Skip to content

Backpressure and Flow Control

Backpressure is what happens when a producer sends data faster than a consumer can process it. Without control, memory grows until the process crashes (OOM).

REST: Rate Limiting as Backpressure

REST is stateless and request-response. Backpressure is applied proactively via rate limiting.

  • Fixed window: allow N requests per minute. Simple but can have burst at window edges.
  • Sliding window: counts requests in a rolling window. Smoother.
  • Token bucket: N tokens replenish per second. Each request consumes one. Allows short bursts.
  • Leaky bucket: requests queued and processed at constant rate. Smooths bursts completely.

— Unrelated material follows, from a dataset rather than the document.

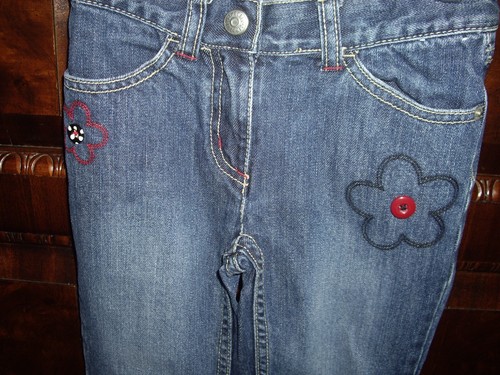 T17 EUC Girls Size 5 Gymboree Flare Leg Jeans Flower Embroidery Adjustable Waist - Picture 2 of 6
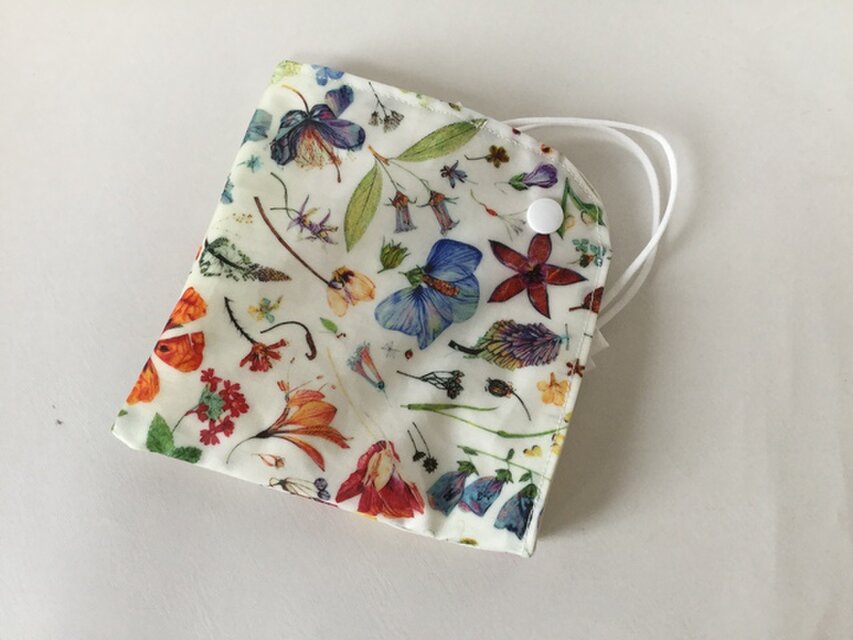 リバティ　フローラルイブ　ラミネート　マスクケース　サニタリーポーチ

Return 429 Too Many Requests with Retry-After: N header. Client waits N seconds before retrying.

gRPC: HTTP/2 Flow Control

gRPC inherits HTTP/2 flow control. This is the real backpressure mechanism for streaming.

How it works

  • Each side has a receive buffer with a window size (bytes it can accept).
  • Sender checks window before sending. If window = 0, sender blocks.
  • Receiver reads from buffer → window grows → sends WINDOW_UPDATE → sender can send more.

Streaming backpressure

For server-streaming RPCs: - Fast server, slow client: server fills client's buffer. - Client's window reaches 0. - gRPC runtime pauses the server's sending goroutine / thread / coroutine automatically. - No explicit code needed: HTTP/2 does it.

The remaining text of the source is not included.